(Data provided Opens)

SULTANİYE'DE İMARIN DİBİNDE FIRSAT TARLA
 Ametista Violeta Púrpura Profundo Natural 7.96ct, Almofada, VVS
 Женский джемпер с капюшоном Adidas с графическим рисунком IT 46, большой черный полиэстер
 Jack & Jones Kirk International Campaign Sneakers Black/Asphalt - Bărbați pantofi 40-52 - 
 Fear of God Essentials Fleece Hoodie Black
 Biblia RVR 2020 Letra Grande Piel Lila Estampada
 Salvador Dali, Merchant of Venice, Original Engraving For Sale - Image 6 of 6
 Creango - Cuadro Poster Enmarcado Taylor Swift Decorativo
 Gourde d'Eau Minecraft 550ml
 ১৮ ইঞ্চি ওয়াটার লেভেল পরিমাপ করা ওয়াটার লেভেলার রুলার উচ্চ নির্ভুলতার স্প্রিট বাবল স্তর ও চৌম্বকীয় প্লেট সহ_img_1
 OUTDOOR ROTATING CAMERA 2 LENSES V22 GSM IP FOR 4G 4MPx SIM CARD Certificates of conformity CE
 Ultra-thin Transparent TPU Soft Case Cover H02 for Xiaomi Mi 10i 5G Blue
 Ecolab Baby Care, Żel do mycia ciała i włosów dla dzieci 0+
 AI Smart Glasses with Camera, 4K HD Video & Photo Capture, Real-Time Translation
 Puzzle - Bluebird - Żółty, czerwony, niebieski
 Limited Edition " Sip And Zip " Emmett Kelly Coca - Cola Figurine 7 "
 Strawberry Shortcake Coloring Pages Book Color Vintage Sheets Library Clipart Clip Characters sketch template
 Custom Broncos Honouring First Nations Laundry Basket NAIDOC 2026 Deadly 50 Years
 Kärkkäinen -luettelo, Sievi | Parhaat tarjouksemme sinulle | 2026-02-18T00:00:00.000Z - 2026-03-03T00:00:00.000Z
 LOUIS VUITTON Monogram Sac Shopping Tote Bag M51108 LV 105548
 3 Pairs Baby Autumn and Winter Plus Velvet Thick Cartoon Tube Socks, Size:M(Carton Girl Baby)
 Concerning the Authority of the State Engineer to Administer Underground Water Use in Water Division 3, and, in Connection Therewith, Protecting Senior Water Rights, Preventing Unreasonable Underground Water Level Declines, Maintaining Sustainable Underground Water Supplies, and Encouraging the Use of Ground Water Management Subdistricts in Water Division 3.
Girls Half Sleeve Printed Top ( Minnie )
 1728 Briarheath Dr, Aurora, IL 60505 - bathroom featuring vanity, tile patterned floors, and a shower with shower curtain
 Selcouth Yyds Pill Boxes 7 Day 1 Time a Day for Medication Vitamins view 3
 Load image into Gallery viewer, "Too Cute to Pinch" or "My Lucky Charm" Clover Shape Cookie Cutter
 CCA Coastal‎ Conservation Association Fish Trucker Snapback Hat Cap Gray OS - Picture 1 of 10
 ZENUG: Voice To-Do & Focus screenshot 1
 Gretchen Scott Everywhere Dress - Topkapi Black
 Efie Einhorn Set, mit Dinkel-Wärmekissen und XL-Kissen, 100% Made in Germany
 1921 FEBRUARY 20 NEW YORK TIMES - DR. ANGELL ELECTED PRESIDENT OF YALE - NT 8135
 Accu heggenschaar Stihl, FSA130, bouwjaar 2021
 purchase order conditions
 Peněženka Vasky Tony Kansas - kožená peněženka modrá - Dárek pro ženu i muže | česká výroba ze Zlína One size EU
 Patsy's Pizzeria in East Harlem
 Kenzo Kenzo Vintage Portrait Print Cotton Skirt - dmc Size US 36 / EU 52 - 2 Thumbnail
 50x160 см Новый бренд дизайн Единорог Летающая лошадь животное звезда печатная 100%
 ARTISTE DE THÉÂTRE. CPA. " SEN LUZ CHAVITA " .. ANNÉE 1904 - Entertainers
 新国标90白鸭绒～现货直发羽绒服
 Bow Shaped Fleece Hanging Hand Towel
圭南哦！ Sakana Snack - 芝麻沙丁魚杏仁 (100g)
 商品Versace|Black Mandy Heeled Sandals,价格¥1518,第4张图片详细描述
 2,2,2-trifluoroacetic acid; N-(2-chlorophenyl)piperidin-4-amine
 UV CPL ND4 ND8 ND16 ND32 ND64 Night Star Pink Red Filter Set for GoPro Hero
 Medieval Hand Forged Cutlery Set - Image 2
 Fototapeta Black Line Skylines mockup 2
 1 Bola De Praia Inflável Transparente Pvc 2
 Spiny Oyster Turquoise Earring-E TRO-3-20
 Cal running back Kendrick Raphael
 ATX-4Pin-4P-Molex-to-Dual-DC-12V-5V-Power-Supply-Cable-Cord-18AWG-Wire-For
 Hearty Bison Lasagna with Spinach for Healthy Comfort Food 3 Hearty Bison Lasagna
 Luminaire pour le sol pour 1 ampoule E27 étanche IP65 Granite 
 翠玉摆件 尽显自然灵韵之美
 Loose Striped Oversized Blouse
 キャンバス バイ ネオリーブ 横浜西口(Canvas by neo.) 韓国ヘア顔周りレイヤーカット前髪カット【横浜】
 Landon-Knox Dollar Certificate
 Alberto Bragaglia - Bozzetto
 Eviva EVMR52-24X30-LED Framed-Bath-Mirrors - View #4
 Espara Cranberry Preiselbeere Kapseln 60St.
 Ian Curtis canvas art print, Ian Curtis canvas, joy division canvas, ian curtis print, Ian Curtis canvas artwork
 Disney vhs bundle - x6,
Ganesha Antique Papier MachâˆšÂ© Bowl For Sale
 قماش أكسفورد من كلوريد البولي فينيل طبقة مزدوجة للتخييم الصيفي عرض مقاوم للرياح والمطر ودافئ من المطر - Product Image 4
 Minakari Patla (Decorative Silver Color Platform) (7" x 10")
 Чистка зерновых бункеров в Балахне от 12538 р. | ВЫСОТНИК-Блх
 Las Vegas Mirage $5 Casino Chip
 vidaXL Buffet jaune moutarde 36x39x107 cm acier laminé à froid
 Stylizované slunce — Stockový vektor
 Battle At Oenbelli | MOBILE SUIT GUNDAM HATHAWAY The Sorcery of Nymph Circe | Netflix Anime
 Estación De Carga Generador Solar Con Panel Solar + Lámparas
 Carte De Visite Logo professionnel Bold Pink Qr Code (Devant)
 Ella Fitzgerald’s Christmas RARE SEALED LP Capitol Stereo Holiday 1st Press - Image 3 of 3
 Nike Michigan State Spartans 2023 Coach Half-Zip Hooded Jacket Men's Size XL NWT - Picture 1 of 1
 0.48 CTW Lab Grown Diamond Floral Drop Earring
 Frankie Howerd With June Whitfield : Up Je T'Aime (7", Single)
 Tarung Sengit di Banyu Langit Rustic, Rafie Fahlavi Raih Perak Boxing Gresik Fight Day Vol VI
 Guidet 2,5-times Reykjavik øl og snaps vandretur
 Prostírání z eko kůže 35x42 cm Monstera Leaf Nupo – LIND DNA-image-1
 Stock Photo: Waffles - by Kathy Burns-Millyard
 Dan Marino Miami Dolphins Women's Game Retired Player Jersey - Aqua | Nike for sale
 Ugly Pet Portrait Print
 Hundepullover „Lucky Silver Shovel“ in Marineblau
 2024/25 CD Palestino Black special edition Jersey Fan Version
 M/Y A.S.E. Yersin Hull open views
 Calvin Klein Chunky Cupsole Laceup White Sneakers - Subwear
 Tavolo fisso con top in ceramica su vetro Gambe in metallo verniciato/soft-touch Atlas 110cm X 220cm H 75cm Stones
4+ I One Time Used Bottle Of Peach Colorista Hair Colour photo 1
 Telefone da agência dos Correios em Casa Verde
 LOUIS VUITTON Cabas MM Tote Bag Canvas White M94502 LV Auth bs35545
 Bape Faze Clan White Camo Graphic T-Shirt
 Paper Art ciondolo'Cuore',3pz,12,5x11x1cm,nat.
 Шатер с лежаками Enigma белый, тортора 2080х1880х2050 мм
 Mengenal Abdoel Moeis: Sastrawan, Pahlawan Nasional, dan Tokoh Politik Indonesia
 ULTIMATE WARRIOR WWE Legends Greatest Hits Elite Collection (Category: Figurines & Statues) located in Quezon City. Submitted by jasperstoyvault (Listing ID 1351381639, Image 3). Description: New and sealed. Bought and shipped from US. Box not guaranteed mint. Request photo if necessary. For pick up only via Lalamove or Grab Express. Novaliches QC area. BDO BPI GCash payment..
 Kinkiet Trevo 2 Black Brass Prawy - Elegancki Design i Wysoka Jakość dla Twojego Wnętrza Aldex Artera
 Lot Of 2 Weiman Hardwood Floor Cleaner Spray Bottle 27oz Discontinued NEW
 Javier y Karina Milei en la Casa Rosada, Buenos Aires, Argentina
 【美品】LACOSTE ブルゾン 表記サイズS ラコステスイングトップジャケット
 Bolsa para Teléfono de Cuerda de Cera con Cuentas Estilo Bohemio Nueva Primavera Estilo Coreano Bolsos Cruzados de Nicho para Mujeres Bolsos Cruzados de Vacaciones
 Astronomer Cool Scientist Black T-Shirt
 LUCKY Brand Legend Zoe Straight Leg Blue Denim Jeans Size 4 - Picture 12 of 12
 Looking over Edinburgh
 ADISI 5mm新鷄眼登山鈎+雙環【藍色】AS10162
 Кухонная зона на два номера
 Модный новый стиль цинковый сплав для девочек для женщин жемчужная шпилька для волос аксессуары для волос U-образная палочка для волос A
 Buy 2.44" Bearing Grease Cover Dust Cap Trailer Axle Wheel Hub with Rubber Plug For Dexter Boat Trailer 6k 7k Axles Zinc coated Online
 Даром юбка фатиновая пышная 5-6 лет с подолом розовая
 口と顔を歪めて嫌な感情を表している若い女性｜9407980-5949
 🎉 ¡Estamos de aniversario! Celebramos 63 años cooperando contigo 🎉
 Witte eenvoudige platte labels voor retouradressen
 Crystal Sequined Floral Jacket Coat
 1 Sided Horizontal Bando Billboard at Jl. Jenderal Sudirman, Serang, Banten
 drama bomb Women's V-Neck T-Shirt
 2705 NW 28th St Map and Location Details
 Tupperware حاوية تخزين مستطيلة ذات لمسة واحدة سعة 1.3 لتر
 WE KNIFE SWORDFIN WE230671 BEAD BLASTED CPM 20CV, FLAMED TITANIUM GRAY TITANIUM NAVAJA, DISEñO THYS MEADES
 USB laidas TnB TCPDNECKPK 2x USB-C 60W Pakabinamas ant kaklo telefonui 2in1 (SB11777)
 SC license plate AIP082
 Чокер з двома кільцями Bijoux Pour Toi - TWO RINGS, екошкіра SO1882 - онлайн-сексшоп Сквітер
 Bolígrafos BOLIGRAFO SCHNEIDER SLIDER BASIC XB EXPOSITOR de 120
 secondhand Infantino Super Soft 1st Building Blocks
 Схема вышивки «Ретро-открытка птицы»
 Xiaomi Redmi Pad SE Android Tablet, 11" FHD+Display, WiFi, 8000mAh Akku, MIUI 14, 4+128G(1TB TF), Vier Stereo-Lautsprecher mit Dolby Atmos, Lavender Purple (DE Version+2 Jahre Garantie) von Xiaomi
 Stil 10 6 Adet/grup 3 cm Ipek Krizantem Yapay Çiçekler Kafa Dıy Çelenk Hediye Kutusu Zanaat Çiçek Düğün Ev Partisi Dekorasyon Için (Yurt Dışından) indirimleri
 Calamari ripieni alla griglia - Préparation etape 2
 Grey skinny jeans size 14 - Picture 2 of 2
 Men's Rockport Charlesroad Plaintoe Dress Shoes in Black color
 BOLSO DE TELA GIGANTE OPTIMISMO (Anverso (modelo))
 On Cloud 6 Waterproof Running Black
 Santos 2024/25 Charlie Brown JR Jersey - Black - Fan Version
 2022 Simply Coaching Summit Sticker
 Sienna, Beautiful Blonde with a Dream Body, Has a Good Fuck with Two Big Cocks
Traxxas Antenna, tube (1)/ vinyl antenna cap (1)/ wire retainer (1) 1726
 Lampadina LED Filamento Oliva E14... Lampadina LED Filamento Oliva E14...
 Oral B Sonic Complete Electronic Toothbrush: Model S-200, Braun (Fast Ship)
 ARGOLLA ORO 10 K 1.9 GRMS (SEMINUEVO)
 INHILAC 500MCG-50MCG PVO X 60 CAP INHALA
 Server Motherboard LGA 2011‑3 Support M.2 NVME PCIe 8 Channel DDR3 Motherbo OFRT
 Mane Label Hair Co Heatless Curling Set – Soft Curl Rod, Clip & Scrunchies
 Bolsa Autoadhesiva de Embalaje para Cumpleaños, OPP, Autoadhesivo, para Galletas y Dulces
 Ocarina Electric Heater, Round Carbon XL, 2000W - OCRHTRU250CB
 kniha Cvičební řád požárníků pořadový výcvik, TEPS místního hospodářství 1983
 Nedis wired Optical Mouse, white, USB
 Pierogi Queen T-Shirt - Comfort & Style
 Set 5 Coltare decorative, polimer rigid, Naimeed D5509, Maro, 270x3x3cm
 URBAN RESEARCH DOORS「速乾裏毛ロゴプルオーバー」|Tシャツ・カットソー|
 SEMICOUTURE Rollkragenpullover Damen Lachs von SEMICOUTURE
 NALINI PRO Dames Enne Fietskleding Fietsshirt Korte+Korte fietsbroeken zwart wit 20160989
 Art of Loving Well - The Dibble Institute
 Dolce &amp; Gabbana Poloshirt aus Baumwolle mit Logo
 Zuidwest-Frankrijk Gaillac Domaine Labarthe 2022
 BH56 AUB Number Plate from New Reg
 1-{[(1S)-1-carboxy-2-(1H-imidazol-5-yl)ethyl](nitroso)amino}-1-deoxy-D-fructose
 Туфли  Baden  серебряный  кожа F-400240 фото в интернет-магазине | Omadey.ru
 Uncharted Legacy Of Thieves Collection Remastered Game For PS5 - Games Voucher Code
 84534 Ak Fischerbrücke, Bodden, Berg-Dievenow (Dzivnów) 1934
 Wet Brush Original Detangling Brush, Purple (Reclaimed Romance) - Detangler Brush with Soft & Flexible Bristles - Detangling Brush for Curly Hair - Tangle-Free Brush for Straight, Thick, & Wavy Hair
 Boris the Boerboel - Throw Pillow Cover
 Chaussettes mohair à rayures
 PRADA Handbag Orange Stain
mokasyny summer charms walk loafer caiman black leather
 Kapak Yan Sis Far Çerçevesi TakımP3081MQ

(Data provided Closes)

*Description of the task:* Copy out all the lines of the records that include "Thick".

*Task output:*
 3 Pairs Baby Autumn and Winter Plus Velvet Thick Cartoon Tube Socks, Size:M(Carton Girl Baby)
 Wet Brush Original Detangling Brush, Purple (Reclaimed Romance) - Detangler Brush with Soft & Flexible Bristles - Detangling Brush for Curly Hair - Tangle-Free Brush for Straight, Thick, & Wavy Hair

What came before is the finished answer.